That's the way I've been trying to live my life because let me take the number sixty, for example. I started looking at my life and thinking as if I only have thirteen years left. Then I started looking at my schedule and with thirteen years left on this earth before I stand before God, is this a good use of my time? Is this a good use of my time? I'll even pray about this morning, God, I don't want to waste this time. If I've got thirteen years I don't know if I'll come back here. This could be the last time. I know this will be the last time I see some of your faces. So what is the most loving thing I could say to you in this brief time, because I don't want to waste a minute.

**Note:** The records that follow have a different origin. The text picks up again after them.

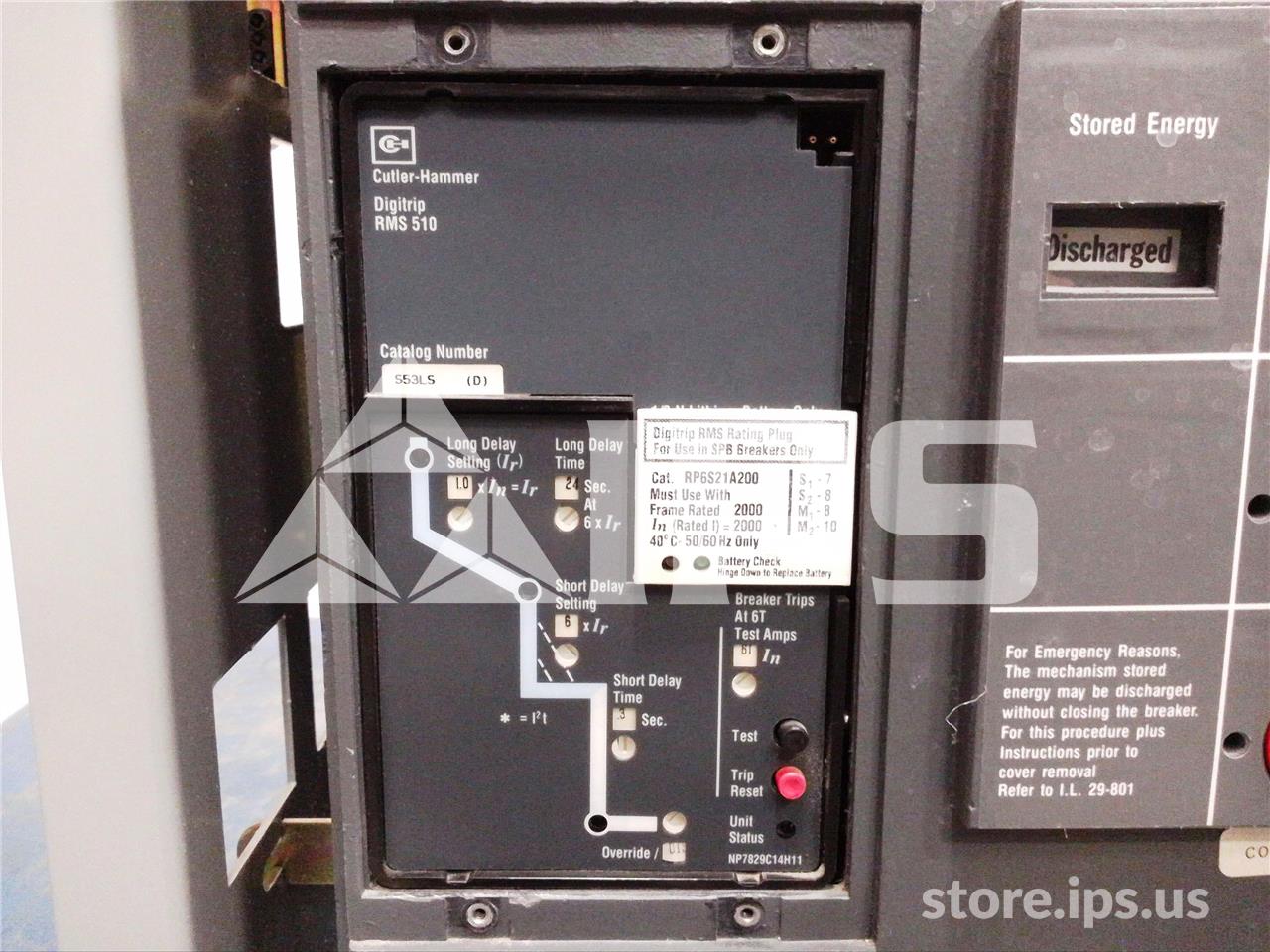 2000 Amps WH Spb-65 Eo/do Compact Frame (spb65) 120 Volts AC Control, Digitrip Rms 510 Ls, 2000 Amps Rp, 2000 - Image 5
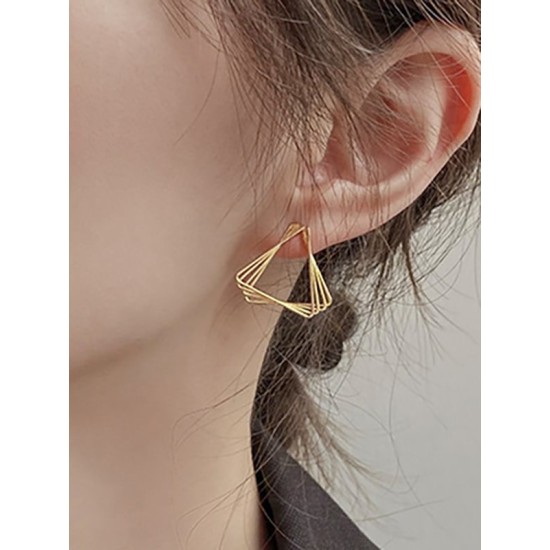 Geometric Solid Color Earrings Accessories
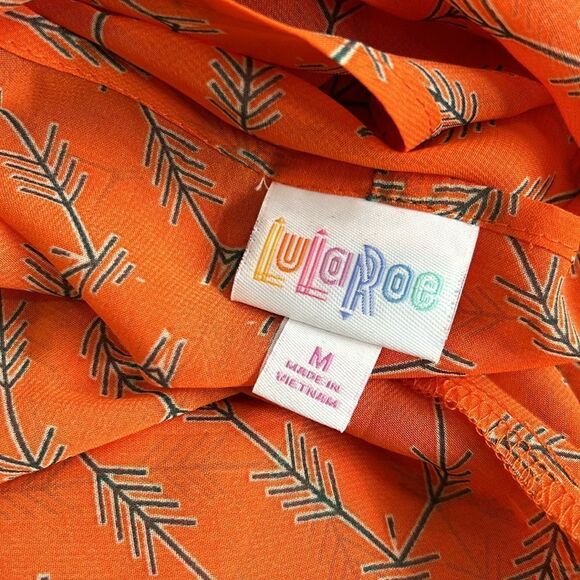 Lularoe cover up fun bright orange - Picture 3 of 4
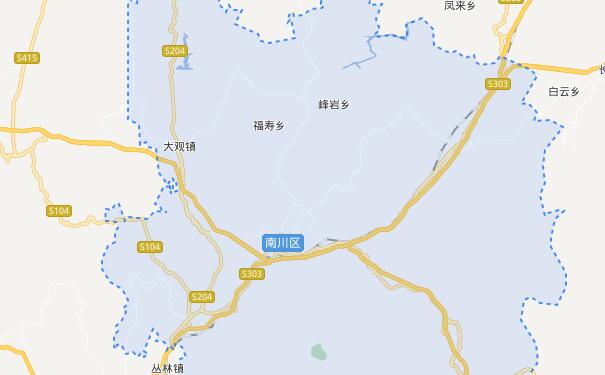 成都到重庆南川区物流专线可将货物送到的服务地区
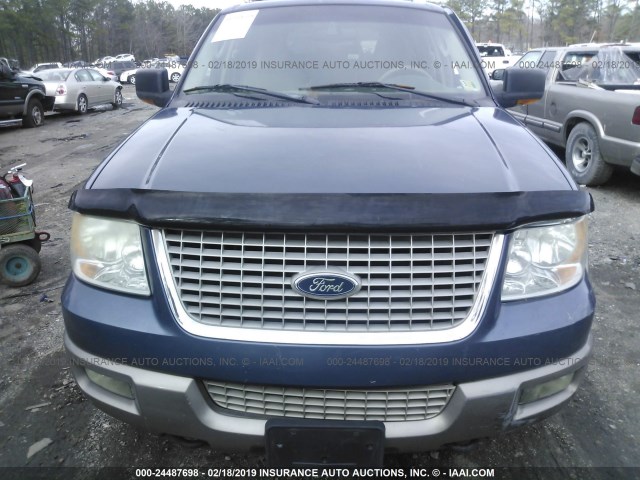 1FMFU18L33LB05939 - 2003 FORD EXPEDITION EDDIE BAUER BLUE photo 6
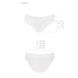 Трусики с широкой резинкой и кружевом Passion PS001 PANTIES white, size S SO4173 фото 5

My wife described it perfectly. We were speaking together at a marriage retreat, and she came up with this analogy. "Being married to Francis, you ever watch that TV show The Amazing Race? It's this competition where you pair up with someone. Sometimes it's brother and sister or husband and wife and you're racing all throughout the world. That's what it's been like. That's the way I view my marriage. That Francis and I are on this race together. Every once in a while we'll come to a checkpoint and maybe we won. Maybe we came in first for that leg of the race, but we don't have time to just sit there and celebrate and enjoy it, because the race goes on. Then we go to the next station, and we don't have time to fight because we see what happens when couples fight, when brothers and sisters fight. It takes them out of the whole race. They're arguing the whole time." So she says, "That's the way I look at our life. It's like, gosh, even the good times, yes, we celebrate but briefly because there's a race to be run. One day there will be plenty of time to celebrate. When we cross that finish line we're going to celebrate like crazy. But right now we're in this race. There's not a lot of time to rest. There's not a lot of time to celebrate. And there's absolutely no time to fight." I thought Wow! That is such a great picture of the way I want to live my life.

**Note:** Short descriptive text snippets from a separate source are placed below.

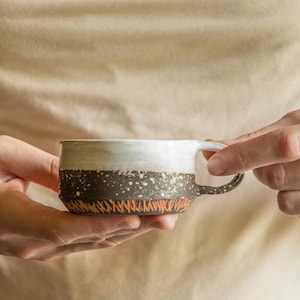 Espresso cup Coffee Lover Gift Ceramic Cups Mug Pottery Handmade Gifts for Coffee Lovers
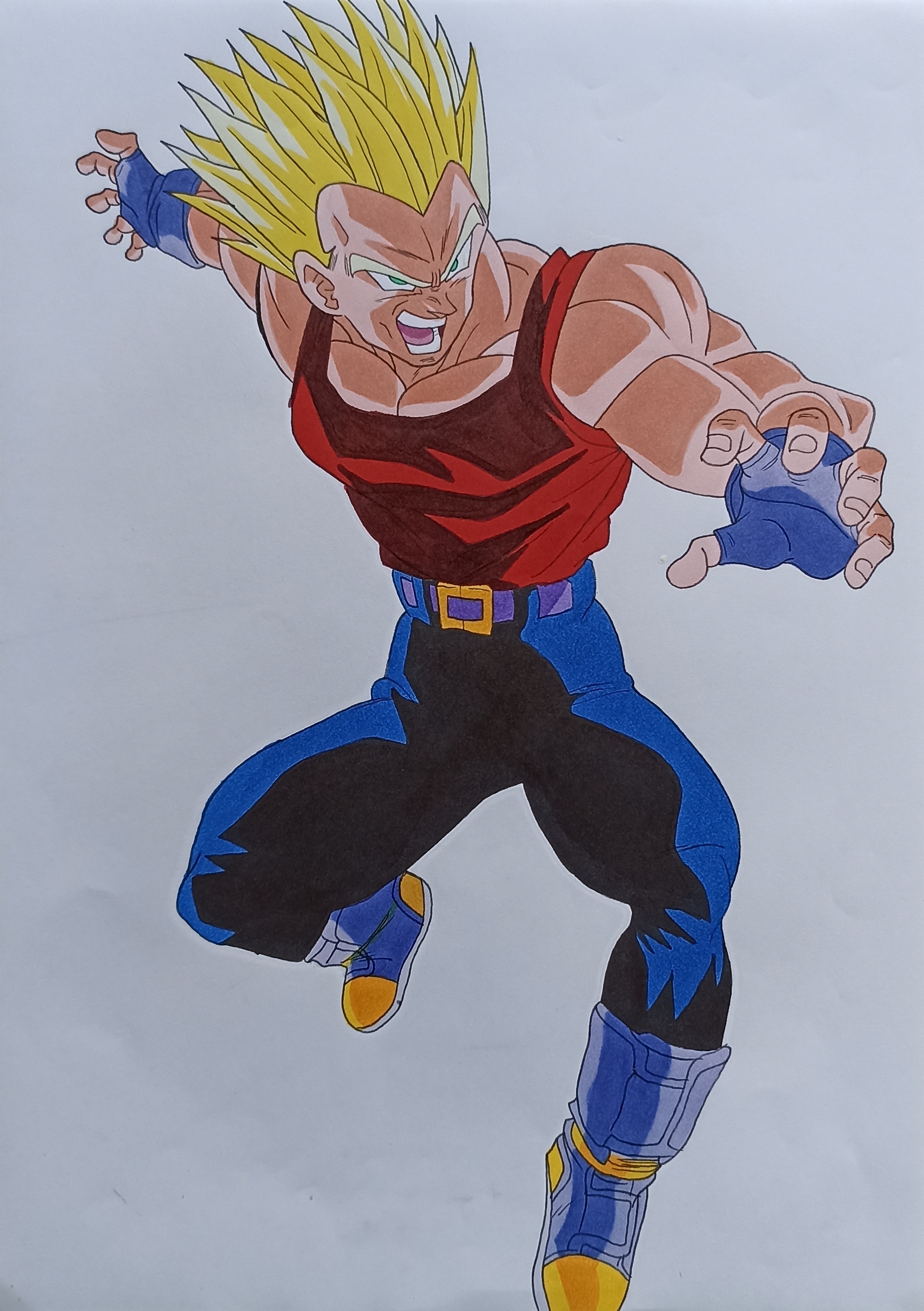 Goku Super Saiyan 3 by Daisuke-Dragneel on DeviantArt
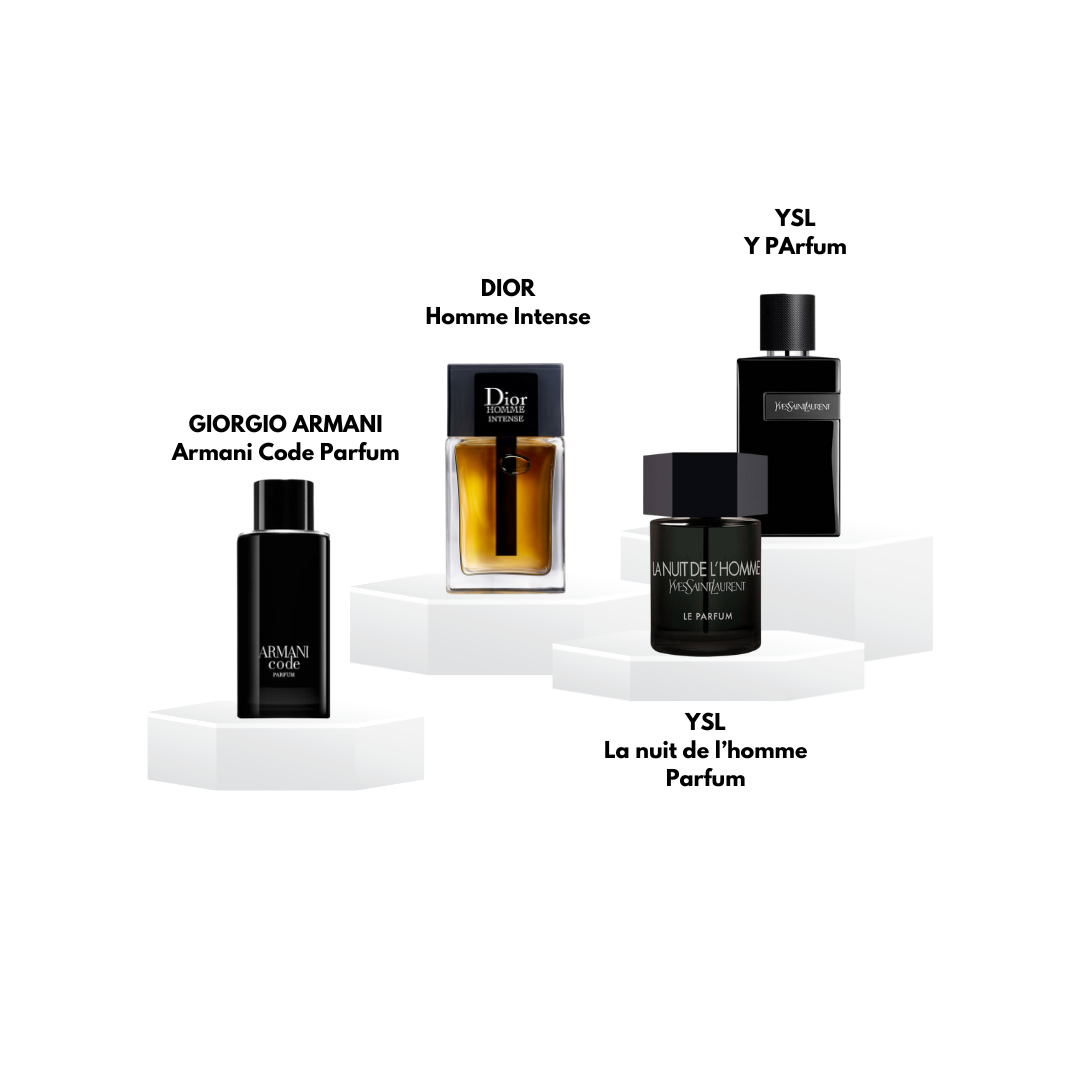 Pack decants 'Gentleman' pour homme - 5ml / 10ml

I get it. I get why we live life backwards. When you're eighteen what have you got to lose. Right? You don't have a lot of money. You don't have anyone that depends on you. You're on your own and you think, Man, I'm going to do something radical for the Lord. You're only dealing with your own life. Then you get married and now you have a wife to take care of. You get a job and then after a while you got some kids, and soon you realize you've got a lot to lose now. I've been in this mindset, where I say, "God, I don't want to live my life that way. I don't want to get more comfortable every year." I am trying to take a bigger and bigger step of faith every year because I'm thinking I'm getting closer and closer to the finish. If I've got thirteen years and if that's what the Lord has for me, then I want to go a hundred percent because I want to end well.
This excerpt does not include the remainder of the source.